Putin Claims Russia ‘Foiled’ 600 Foreign Spies Last Year

Russian President Vladimir Putin's plan to raise the standard of living in Russia will cos
Yuri Gripas/UPI

In his annual speech to officers of Russia’s FSB security agency, President Vladimir Putin commended the service for thwarting almost 600 foreign attempts to spy on Russia, painting a picture of a world obsessed with stealing Russia’s amazing military technology.

In his televised speech on Wednesday, Putin claimed “129 staff members and 465 agents of foreign special services were foiled,” without naming any of them or providing any details about the cases.

“We see foreign intelligence agencies trying to increase their activity towards Russia, seeking by all means to access political, economic, scientific and technological information,” he claimed.

The BBC was deeply skeptical of Putin’s assertions, noting there is no way to verify the numbers; Putin is eager to nourish nationalism, paranoia, and approval for his government; and the Kremlin wants to change the subject from Western accusations of Russian espionage, especially the attempted assassination of Sergei Skripal in the United Kingdom.

The BBC offered a few other examples of spying that Russia would prefer not to discuss:

The head of the British army, Gen Mark Carleton-Smith, said last year that Russia was seeking to “exploit vulnerability and weakness wherever they detect it.”

Several intelligence agencies have acted against alleged Russian spy networks.

In December, the Czech Republic said it had broken up a group that used the Russian embassy as cover.

Dutch security services said two months earlier that they had foiled a plot to hack the global chemical weapons watchdog OPCW.

Another angle for Putin is relentlessly touting Russia’s new missile technology, which he claims is capable of sending warheads toward the United States and Europe at hypersonic speeds that would make the weapons difficult to detect and impossible to intercept.
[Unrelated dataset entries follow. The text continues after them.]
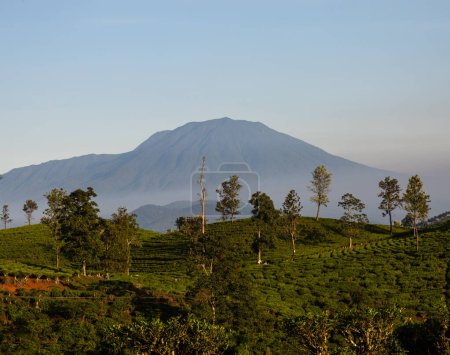 hermoso paisaje con gede pangrango fondo de montaña. cianjur indonesia.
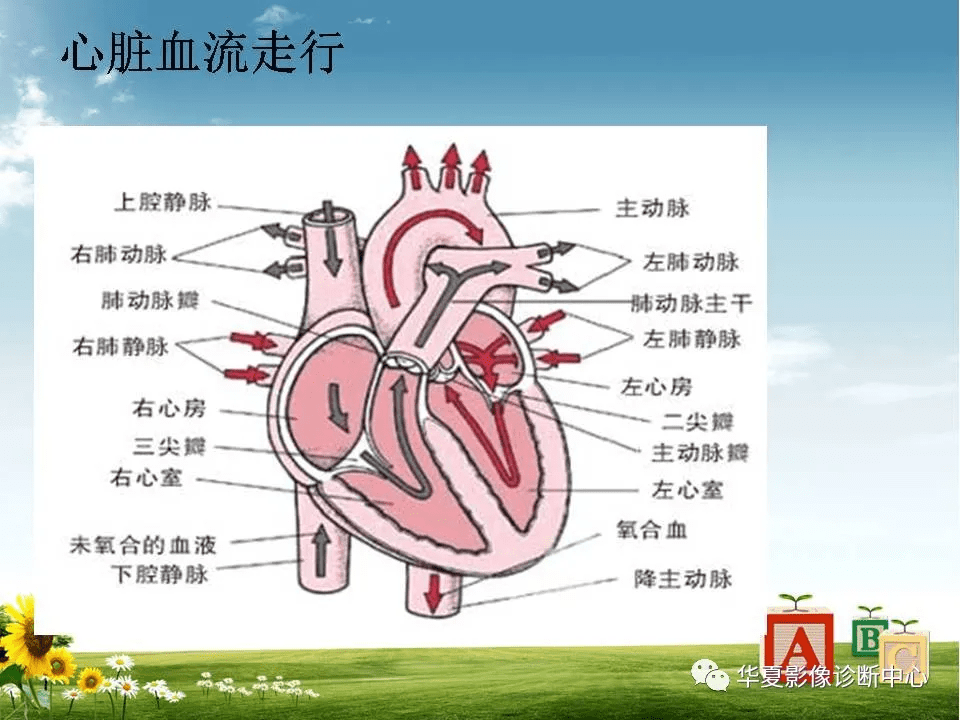 心脏大血管解剖
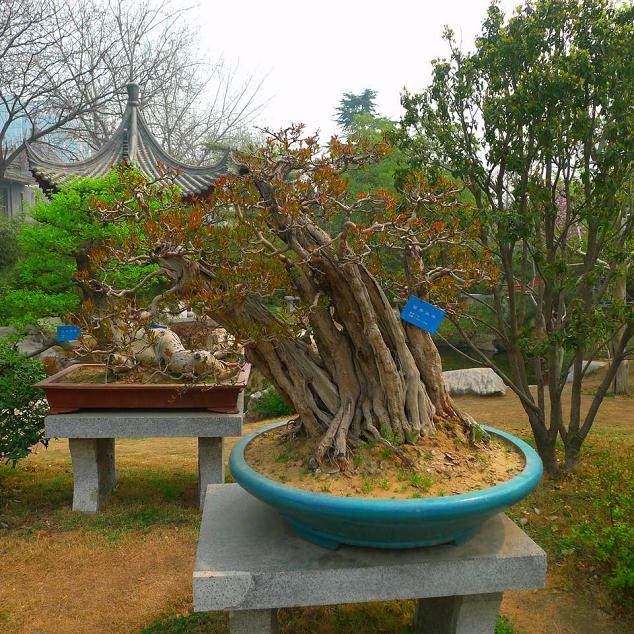 陕西省安康市举行的全国盆景展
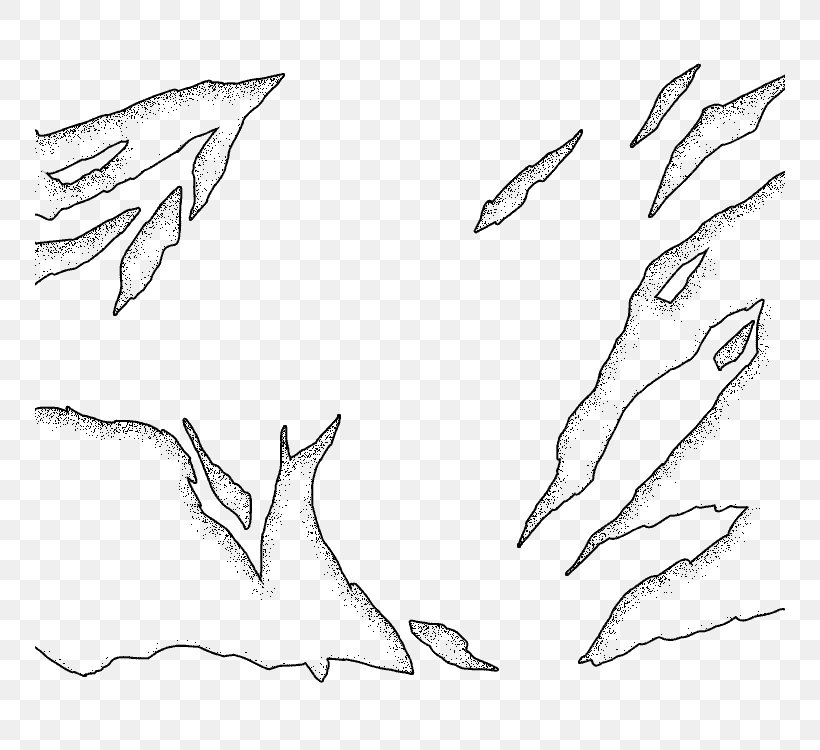 Drawing Line Art Feather Sketch, PNG, 750x750px, Drawing, Arm, Artwork, Beak, Black And White Download Free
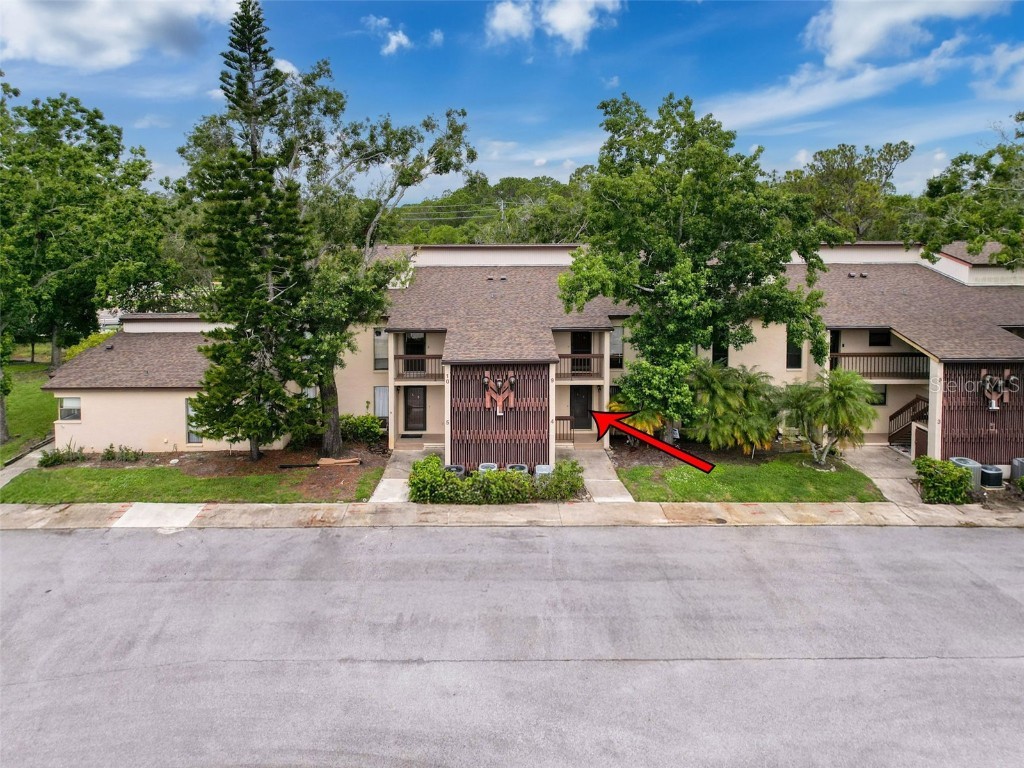 1200 Tarpon Woods Blvd #L4 Palm Harbor FL 34685 O6318863 image2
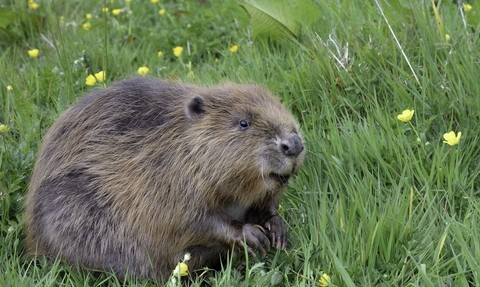 A beaver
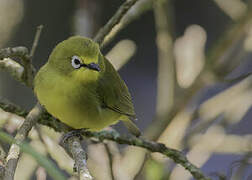 Northern Yellow White-eye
It serves Putin’s propaganda interests to conjure images of foreign spies desperately shoving their hands into Moscow’s high-tech cookie jar.

Putin’s address to the FSB included a call for stronger “protection of information related to new weapons and other sensitive data,” as Radio Free Europe put it. Putin also made a point of mentioning U.S. withdrawal from the Intermediate-Range Nuclear Forces (INF) treaty, which Washington accused Moscow of repeatedly violating.